Ao comparar este tipo de empréstimos, convém analisar cada tramo separadamente: quanto dura a parte fixa, que taxa se aplica nela, e que condições regem a parte variável assim que esse período termina.
O que escolher entre taxa fixa e variável: fatores a considerar
Não existe uma resposta universal sobre qual taxa é melhor, porque depende de circunstâncias pessoais e do contexto de cada empréstimo. Existem sim perguntas que ajudam a estruturar a decisão:
- A prestação atual deixaria margem se subisse alguns pontos percentuais?
- O prazo do empréstimo é longo, dando mais tempo para o índice de referência se mover?
- Existe a possibilidade real de assumir uma prestação mais alta durante alguns meses sem comprometer outros pagamentos?
Estas perguntas podem ser aprofundadas revendo que perguntas fazer antes de assinar qualquer empréstimo, um exercício útil antes de te comprometeres com qualquer taxa de juro.
Erros frequentes ao comparar taxa fixa e variável
Um erro habitual é comparar a taxa nominal de um empréstimo fixo com a taxa inicial de um variável, como se fossem valores equivalentes ao longo do tempo. Não são: uma é constante e a outra é apenas uma fotografia do primeiro período.
Outro erro é ignorar o índice de referência usado pela taxa variável. Dois empréstimos variáveis com o mesmo spread podem comportar-se de forma diferente se estiverem ligados a índices diferentes, porque cada índice tem a sua própria evolução histórica e a sua própria sensibilidade aos movimentos do mercado.
Como encaixar esta decisão na comparação completa
A taxa de juro, fixa ou variável, é apenas mais uma variável dentro de uma análise mais ampla que inclui prazo, comissões, despesas associadas e condições vinculadas. Olhar apenas para esta variável de forma isolada pode levar a conclusões incompletas sobre qual empréstimo é mais adequado em cada situação concreta.

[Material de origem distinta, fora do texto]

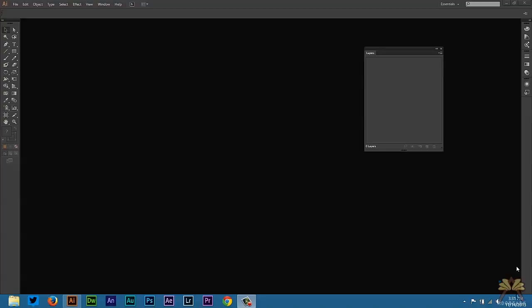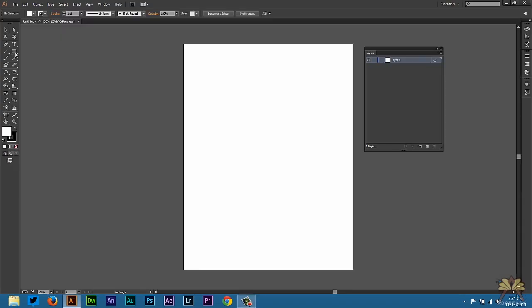Welcome to my tutorial on Adobe Illustrator CC. I'm going to show you how to create some 3D shapes and also show you some symbols in Illustrator.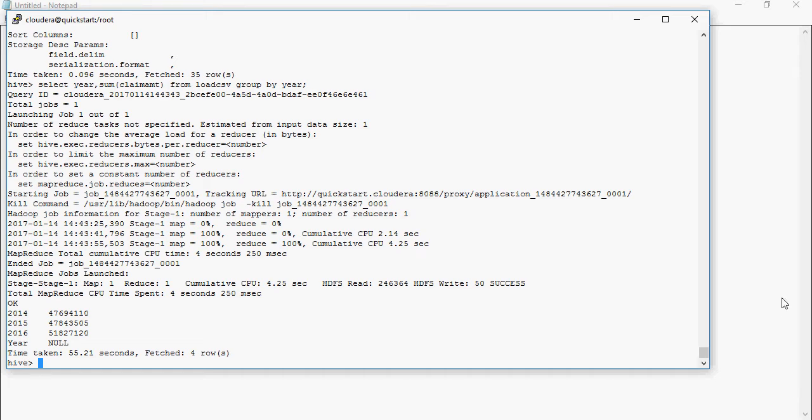Hello and welcome to another video of Big Data do-it-yourself tutorials by Bharati DW Consultancy. In this video we are going to look at external tables, how they are different from managed tables, and we're going to talk about external tables in detail.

Para simular como se comportaria a prestação em diferentes cenários de taxa de juro, a Docentia disponibiliza uma calculadora gratuita que permite introduzir capital, prazo e taxa para ver o resultado numérico sem precisar de fazer os cálculos à mão.
Perguntas frequentes
Um empréstimo com taxa fixa tem sempre uma taxa mais alta do que um variável?
Nem sempre, mas é habitual que a taxa fixa inicial seja um pouco mais alta do que a taxa variável inicial, porque a fixa incorpora a certeza de que não mudará durante todo o prazo. A variável costuma partir mais baixa porque parte do risco de subida é transferido para quem contrai o empréstimo.
Com que frequência se revê uma taxa variável?
Depende das condições acordadas em cada empréstimo, mas as revisões semestrais ou anuais são as mais habituais. Em cada revisão toma-se o valor atual do índice de referência e soma-se o spread fixo para calcular a nova taxa aplicável.
A prestação de um empréstimo variável pode descer?
Sim. A taxa variável move-se em ambas as direções conforme evolui o índice de referência. Se esse índice descer no momento da revisão, a prestação do empréstimo também diminui, tal como pode subir se o índice subir.
O que acontece se eu escolher uma taxa fixa e depois o índice de referência descer muito?
A prestação do empréstimo fixo não se altera por esse motivo: mantém-se igual durante todo o prazo acordado, independentemente de como evoluem os índices de mercado. A estabilidade é precisamente a característica que define este tipo de taxa.
Os empréstimos mistos reduzem o risco de variação?
Reduzem-no durante o período em que se aplica a taxa fixa, mas não o eliminam: assim que esse período termina, o empréstimo passa a comportar-se como um variável e fica exposto aos mesmos movimentos do índice de referência que qualquer outro empréstimo desse tipo.